Of course, a mother who is at a home birth can transfer to a hospital, but I've not heard of a mother laboring in the hospital transferring to a home birth. There are, of course, some hospitals that think well of laboring mothers and have a good understanding of the birthing process. In these hospitals women are able to eat food, move around and birth in a way that is comfortable and natural. More often than not, though, women who birth in hospitals are offered (and sometimes not) interventions like pitocin or an epidural that can sometimes slow the natural rhythms of birth.
I don't believe that these doctors are purposefully trying to interfere with the natural process of birth (which does take some time!), I think there are a lot of factors contributing to the rise of interventions and subsequent unscheduled c-sections and they're not to do with the mother, in my opinion.

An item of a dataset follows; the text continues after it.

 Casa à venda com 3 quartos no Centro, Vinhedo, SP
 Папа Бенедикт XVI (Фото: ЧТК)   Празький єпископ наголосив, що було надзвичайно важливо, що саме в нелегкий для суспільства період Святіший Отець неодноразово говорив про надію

Doctors and hospitals are over booked and L&D rooms are a hot commodity. When you've got a large city with a lot of women in labor, there simply isn't time to let a mother labor for 24, 36 or 48 hours. Another factor is that some doctors have never experienced an un-medicated natural birth. This is something that Ina May Gaskin talks about in her books and lectures a lot and was a snip-it in the documentary The Business of Being Born.
In my opinion medical schools and the training are the culprit. Imagine of all medical students did what Dr.Aviv Romm did? What if all OBs trained as midwives? Can you imagine how differently birth would look in our country?
I have many professional titles and roles: physician, midwife, herbalist, author, teacher. Of these, being a midwife most informs and enhances all of what I do and who I am.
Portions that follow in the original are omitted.